### Exercise requirements
Please output the data below exactly as given, starting at its first line and stopping after the line that contains "AUX beltéri és kültéri egység".

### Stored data
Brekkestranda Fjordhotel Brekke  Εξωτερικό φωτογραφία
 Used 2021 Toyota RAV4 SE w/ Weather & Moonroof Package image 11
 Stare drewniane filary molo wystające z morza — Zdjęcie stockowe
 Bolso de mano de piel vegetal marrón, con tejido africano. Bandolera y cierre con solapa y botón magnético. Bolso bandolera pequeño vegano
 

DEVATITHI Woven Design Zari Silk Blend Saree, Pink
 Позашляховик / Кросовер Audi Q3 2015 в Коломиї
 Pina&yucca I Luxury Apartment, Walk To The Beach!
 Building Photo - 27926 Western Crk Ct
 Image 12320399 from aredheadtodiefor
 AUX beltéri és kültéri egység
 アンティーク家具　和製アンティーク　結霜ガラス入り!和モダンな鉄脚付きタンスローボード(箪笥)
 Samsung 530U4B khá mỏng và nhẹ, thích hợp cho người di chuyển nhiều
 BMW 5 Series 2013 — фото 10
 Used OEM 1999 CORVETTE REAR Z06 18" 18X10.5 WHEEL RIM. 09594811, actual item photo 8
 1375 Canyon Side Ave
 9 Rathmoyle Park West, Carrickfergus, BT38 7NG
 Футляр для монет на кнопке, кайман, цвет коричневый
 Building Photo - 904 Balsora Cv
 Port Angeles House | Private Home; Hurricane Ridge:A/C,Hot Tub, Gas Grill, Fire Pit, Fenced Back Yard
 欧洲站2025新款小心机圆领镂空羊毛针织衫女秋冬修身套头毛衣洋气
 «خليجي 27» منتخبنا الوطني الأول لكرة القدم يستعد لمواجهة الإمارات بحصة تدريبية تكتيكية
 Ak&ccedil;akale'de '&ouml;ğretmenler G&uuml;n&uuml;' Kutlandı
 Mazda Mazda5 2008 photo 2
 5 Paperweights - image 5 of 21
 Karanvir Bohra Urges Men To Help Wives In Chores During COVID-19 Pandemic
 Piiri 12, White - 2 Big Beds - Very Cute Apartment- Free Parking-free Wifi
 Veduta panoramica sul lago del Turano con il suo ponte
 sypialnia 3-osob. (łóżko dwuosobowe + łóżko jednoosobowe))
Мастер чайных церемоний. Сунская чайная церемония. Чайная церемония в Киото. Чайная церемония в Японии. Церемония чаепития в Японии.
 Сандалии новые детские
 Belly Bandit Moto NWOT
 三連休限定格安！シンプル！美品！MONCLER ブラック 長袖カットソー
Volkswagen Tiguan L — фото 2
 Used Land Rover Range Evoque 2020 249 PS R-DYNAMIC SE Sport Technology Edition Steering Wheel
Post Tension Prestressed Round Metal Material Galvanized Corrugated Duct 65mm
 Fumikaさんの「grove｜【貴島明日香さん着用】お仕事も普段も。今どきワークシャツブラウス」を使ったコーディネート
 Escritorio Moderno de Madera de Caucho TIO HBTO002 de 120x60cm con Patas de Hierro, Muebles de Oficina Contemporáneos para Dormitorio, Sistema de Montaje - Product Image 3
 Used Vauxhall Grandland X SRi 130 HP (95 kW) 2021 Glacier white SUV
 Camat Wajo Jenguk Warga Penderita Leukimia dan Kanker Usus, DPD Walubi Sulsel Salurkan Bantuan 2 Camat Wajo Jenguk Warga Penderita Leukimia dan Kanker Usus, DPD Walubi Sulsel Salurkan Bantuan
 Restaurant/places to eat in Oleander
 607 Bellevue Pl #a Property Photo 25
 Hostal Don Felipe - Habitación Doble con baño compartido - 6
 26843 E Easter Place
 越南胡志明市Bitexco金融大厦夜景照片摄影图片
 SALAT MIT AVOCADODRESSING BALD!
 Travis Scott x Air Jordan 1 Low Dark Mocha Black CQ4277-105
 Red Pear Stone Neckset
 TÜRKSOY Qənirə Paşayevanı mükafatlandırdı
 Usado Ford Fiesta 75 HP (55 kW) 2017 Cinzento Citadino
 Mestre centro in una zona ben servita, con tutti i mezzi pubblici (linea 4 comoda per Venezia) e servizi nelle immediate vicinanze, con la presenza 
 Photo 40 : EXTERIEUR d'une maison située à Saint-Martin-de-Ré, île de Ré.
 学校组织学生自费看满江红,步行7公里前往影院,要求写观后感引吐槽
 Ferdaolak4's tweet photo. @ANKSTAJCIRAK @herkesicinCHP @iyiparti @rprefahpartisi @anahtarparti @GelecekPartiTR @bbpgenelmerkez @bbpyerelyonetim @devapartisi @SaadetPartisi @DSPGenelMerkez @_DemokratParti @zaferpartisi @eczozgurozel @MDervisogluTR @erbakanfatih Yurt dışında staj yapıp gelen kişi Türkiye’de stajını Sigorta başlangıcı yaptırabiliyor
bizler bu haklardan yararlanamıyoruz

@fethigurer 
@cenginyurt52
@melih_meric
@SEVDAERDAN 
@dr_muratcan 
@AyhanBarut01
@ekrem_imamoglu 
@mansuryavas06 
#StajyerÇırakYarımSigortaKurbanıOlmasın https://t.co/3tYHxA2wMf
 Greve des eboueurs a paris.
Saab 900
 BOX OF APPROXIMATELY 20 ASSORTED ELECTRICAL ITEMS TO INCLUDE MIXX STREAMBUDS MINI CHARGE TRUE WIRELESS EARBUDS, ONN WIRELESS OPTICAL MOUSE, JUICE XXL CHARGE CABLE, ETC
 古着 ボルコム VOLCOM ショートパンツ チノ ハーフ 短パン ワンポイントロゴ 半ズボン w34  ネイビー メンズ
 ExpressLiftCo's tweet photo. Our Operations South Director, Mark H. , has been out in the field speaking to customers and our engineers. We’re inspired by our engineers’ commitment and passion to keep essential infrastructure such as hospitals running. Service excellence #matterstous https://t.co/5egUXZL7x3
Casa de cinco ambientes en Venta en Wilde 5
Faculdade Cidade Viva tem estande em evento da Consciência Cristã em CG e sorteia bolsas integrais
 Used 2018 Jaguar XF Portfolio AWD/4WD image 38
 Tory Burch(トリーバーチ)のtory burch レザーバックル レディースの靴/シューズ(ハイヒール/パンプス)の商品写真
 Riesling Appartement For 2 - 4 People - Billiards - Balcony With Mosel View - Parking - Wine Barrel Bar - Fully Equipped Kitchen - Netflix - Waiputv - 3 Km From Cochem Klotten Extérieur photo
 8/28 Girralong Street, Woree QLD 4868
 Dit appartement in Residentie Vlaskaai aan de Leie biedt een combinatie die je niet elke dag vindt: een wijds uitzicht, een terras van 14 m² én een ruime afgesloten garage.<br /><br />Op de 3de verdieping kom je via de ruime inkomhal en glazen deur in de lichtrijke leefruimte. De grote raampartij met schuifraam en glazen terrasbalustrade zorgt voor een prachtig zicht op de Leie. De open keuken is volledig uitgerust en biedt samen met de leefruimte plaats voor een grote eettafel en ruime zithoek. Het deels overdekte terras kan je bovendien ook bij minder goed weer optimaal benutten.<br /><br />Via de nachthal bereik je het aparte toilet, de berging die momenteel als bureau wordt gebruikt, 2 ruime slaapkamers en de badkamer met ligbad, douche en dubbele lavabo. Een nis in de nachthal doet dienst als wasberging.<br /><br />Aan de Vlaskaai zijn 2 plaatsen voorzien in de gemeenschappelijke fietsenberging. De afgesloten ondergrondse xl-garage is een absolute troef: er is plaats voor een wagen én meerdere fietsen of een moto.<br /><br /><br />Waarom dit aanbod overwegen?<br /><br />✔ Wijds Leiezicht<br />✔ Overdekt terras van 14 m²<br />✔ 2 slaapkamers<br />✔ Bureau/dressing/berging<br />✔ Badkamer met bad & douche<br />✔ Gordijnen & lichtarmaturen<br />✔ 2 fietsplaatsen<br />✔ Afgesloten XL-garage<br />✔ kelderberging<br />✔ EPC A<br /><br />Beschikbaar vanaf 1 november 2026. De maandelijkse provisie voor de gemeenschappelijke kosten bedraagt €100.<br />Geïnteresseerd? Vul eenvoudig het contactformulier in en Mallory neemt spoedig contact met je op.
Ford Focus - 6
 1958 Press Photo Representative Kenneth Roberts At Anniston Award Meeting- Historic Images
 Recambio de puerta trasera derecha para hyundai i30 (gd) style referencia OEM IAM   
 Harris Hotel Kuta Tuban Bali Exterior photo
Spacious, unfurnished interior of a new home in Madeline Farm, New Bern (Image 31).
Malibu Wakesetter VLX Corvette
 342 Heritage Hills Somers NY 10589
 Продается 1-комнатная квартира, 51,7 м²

### Task result
Brekkestranda Fjordhotel Brekke  Εξωτερικό φωτογραφία
 Used 2021 Toyota RAV4 SE w/ Weather & Moonroof Package image 11
 Stare drewniane filary molo wystające z morza — Zdjęcie stockowe
 Bolso de mano de piel vegetal marrón, con tejido africano. Bandolera y cierre con solapa y botón magnético. Bolso bandolera pequeño vegano
 

DEVATITHI Woven Design Zari Silk Blend Saree, Pink
 Позашляховик / Кросовер Audi Q3 2015 в Коломиї
 Pina&yucca I Luxury Apartment, Walk To The Beach!
 Building Photo - 27926 Western Crk Ct
 Image 12320399 from aredheadtodiefor
 AUX beltéri és kültéri egység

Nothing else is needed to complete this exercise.